Advanced satellites, such as the GOES East, which was launched in the fall of 2016, and the enhanced Joint Polar Satellite System-1, which launched in November, also add to the data going into the computer.
This year’s computing upgrade is part of a 10-year National Oceanic and Atmospheric Administration contract awarded in 2012 and capped at $502 million. About $25 million was added to the budget after Hurricane Sandy devastated the northeast in October 2012, and limitations of the GFS, or American forecast model, were exposed.
The GFS underperformed compared to the model from the European Center for Medium-range Weather Forecasts, or European model, which correctly forecast Sandy’s track toward the East Coast.
The GFS was outdone again during 2015’s Category 5 Hurricane Joaquin. The GFS and European model disagreed on forecast track with the GFS showing the dangerous cyclone making landfall in the Mid-Atlantic region, while the European had it going out to sea.
The European model won.
Thirty-three crew members aboard the cargo ship El Faro died when it sank in Hurricane Joaquin. The U.S. Coast Guard ultimately determined the captain misjudged Joaquin’s path and “failed to understand the severity of the situation.”
“As other computing centers around the world step up their game, it is vital that the U.S. atmospheric scientists also have access to the computing power they need for continual improvement,” said Bob Henson, a meteorologists and blogger for Weather Underground.
Of the 10 hurricanes and seven tropical storms that formed during the hyperactive 2017 hurricane season, four reports evaluating forecast accuracy have been released by the National Hurricane Center. Those include for tropical storms Arlene, Don, Katia and Rina.

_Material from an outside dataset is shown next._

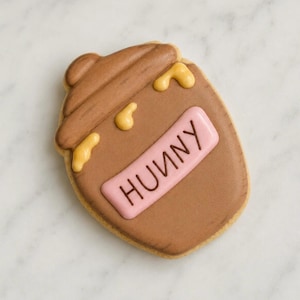 May include: A brown cookie shaped like a honey pot with the word "HUNNY" on a pink rectangle. The cookie has yellow honey drips and is on a white surface.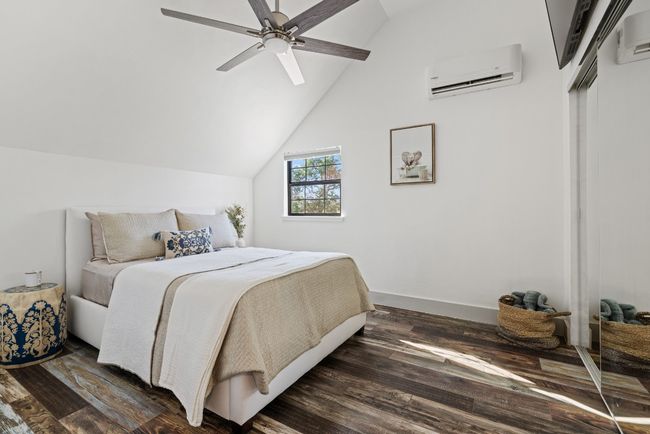 Upstairs Bedroom with a wall unit AC, wood finished floors, vaulted ceiling, and ceiling fan | Image 36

“All mention poor forecasts of formation of the tropical cyclone,” noted Rick Knabb, former NHC director who is now at The Weather Channel, in a tweet this month. “Exemplifies how tropical cyclognesis remains a scientific and operational challenge, and why forecasts are probabilistic.
The new GFS model, which will be used experimentally during the 2018 hurricane season with the new supercomputing capacity, will have increased resolution in more levels of the atmosphere and out for 16 days, versus the current 10 days.
“It’s really about bringing the big picture information and large-scale weather systems into better resolution and applying the information as much as possible to local weather,” Molleda said. “It will help us provide more accurate information sooner.”